#### Work to complete
Reproduce exactly the lines below, from the first one through the line containing "抗血小板药及抗凝药课件_第4页", and omit any pictures.

(Captioned web images)
# # #

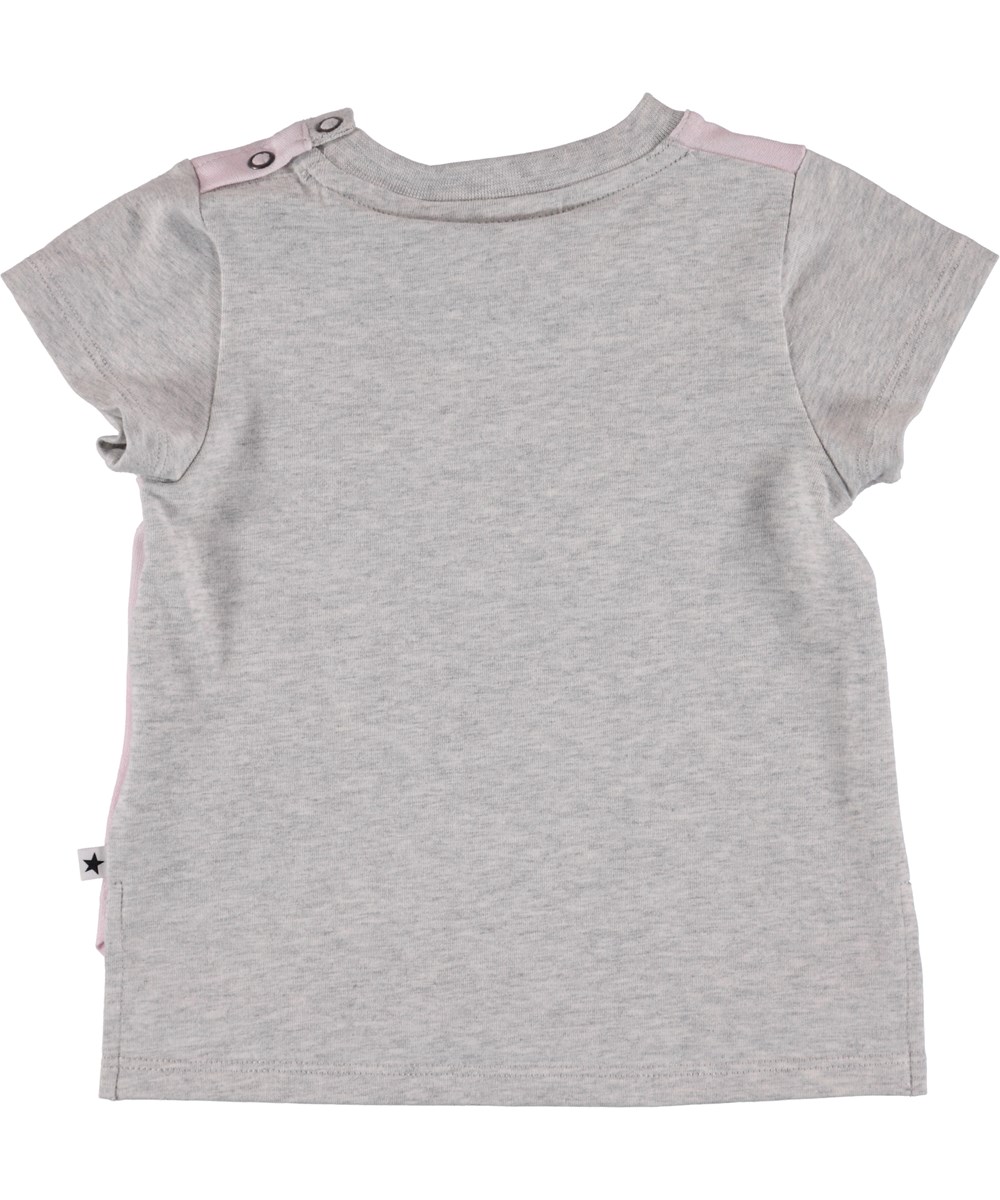 Erin - Chihuahua - Baby T-Shirt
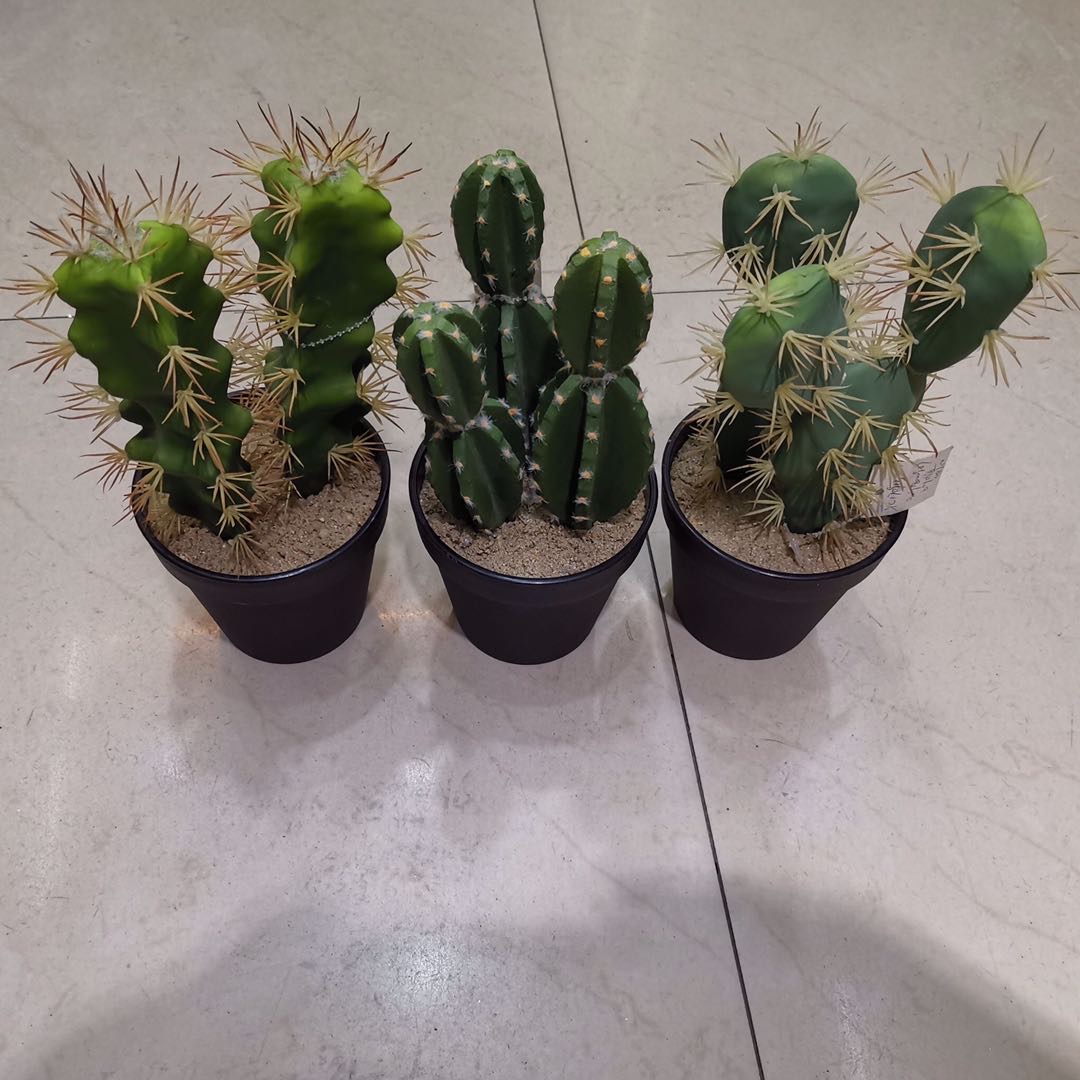 Plastic cactus simulation potted plant, a fresh and simple rural decorative item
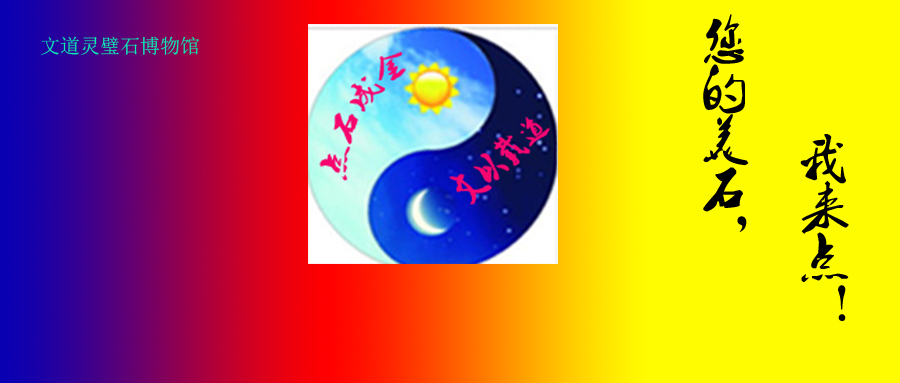 封面900383.jpg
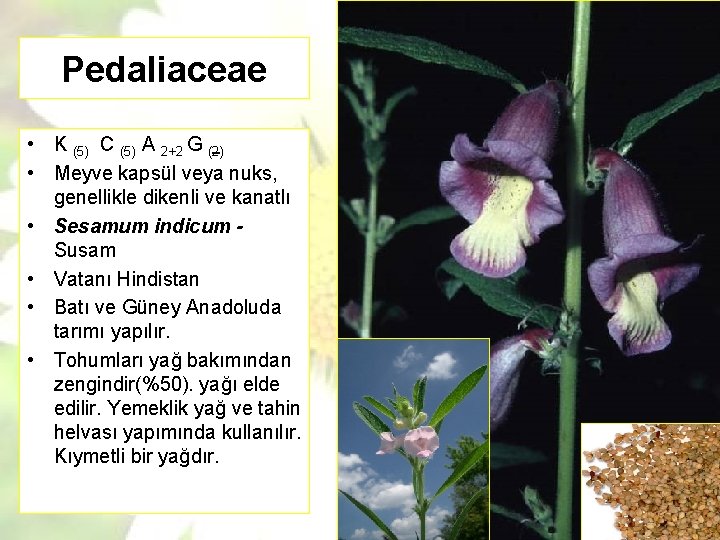 Pedaliaceae • K (5) C (5) A 2+2 G (2) • Meyve kapsül veya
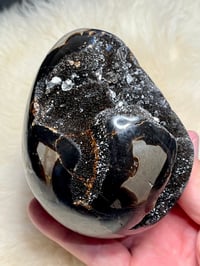 Image 8 of Septarian Egg With Calcite #2420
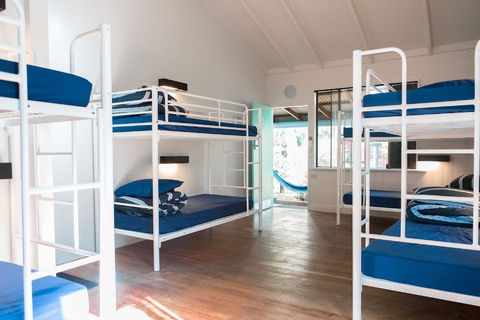 Wake Up! Byron Bay - Accommodation Georgetown 3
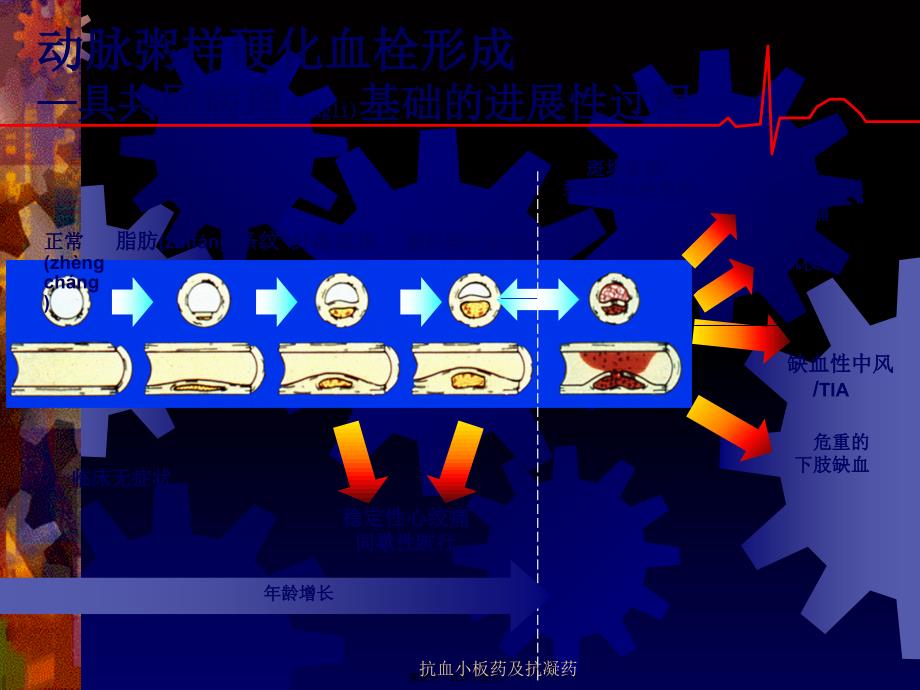 抗血小板药及抗凝药课件_第4页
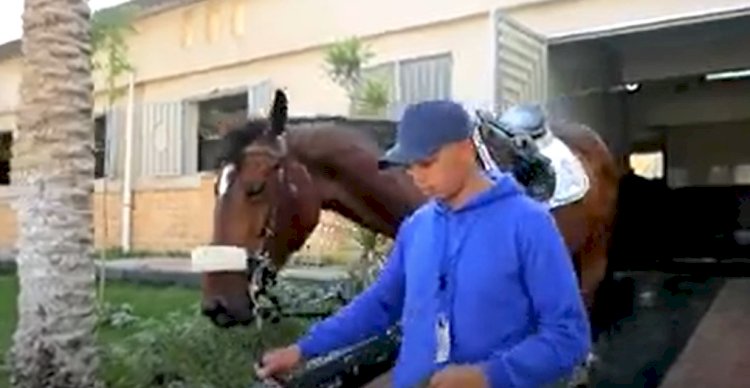 إستضافه وادى الفروسية التابع لوزارة الداخلية بطولتين بالتنسيق مع الإتحاد المصرى للفروسية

# # #

#### Solution
 Erin - Chihuahua - Baby T-Shirt
 Plastic cactus simulation potted plant, a fresh and simple rural decorative item
 封面900383.jpg
 Pedaliaceae • K (5) C (5) A 2+2 G (2) • Meyve kapsül veya
 Image 8 of Septarian Egg With Calcite #2420
 Wake Up! Byron Bay - Accommodation Georgetown 3
 抗血小板药及抗凝药课件_第4页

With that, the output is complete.